Trump directed McMahon to dismantle the U.S. Department of Education, and fired about half of the employees at the agency, which are calling for California and other states to be suspended in early March. Democrats have criticised Trump’s stated intention to shut down the education sector as illegal and reckless — it would require Congressional action to shut it down completely — and many in Congress have similarly denounced McMahon’s attempts to cancel the remaining Covid-19 funds.
In her letter, McMahon wrote that the district had enough time to spend the funds, and that he would be stripped of it because he missed the original deadline to do so. The extension was “discretionary” and “considered” and therefore “not changing anything” the funds or an extension of the Biden administration to eliminate withdrawal of funds.

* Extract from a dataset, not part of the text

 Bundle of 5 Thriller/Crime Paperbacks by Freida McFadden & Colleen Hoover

“Extending the deadline for Covid-related grants, which are actually taxpayer funds, is not consistent with departmental priorities years after the community’s pandemic ended and therefore is not a valuable exercise of its discretion,” McMahon wrote.

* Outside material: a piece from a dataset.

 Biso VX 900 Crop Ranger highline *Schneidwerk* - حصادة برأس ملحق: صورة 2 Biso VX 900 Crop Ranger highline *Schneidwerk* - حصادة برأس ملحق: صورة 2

She said the new extension will be considered on a “individual project-specific basis” upon requests from the district.
In a letter on April 7th, Congressional Democrats, including Sen. Alex Padilla (D-Calif) and a small-time California House representative, called for McMahon to quickly reverse the decision.
Lawmakers called McMahon’s moves “no use to students” and “a sudden, chaotic revision of policy,” and said he was wary of McMahon’s “lack of recognition of the lasting impact of the Covid-19 pandemic on students in our country.”

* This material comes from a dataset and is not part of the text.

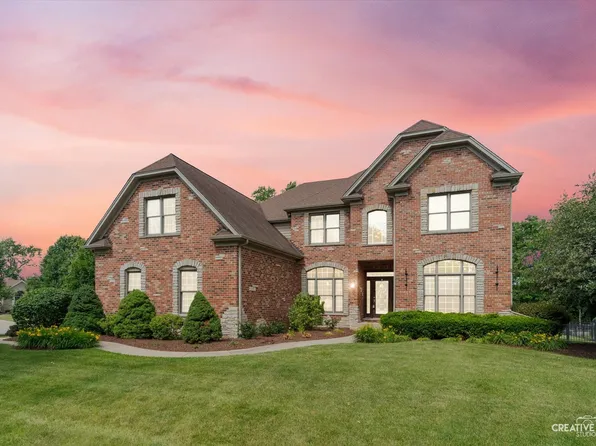 600 Willow St, Sugar Grove, IL 60554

The lawmakers pointed to a national assessment of the outcomes of recent educational advancements, which showed national scores below pre-governmental levels for all grades and subjects, continuing a high percentage of chronic absence rates.
Lawmakers argued that McMahon’s decision was “another way this administration could try to strip students of educational opportunities to pay for tax cuts for billionaires and large corporations.”
Bonta said there may be legitimate ways for the White House and the education sector to carefully consider educational funding and reevaluate individual grants, but McMahon’s drastic decision – the argument that the Covid-19 turmoil is over “not that.”
Thursday’s lawsuit is not the first one based on allegations that the Trump administration violated the Administrative Procedure Act, but the 13th lawsuit filed against the current Trump administration by Bonta’s office.
“I believe he broke the law again here. In the process, he took American students, critical funds,” Bonta said. “We don’t intend to support that, we’ll see it in court.”
Funds in question were originally allocated under two 2021 measures, the American Rescue Plan Act and the Coronavirus Response and Relief Supplementary Budget Act.
California has joined the lawsuits by the states of Arizona, Delaware, Hawaii, Illinois, Maine, Maine, Maryland, Maine, Michigan, Minnesota, Nevada, New Jersey, New Mexico, New York, Oregon and the District of Columbia. Pennsylvania Governor Josh Shapiro joined, but not the states represented by the Republican Attorney General.
Other litigation is also pending against the education department.
The lawsuit filed last month by a council of parental lawyers, advocates and two parents alleges that a cry for the Trump administration’s department has prevented the Civil Rights Office from investigating school-based discrimination.
“Even if the OCR ceased to investigate public complaints based on race or sexism in general, it sparkled with Cherry Pick and launched an investigation targeted at discrimination against white and cisgender students, in its own initiative,” the complaint alleges.
On Thursday, several additional parents and students who are receiving pending discrimination claims were taking part in the case, asking the court to “restore OCR investigation and processing power and to deal with OCR complaints promptly and equitably.”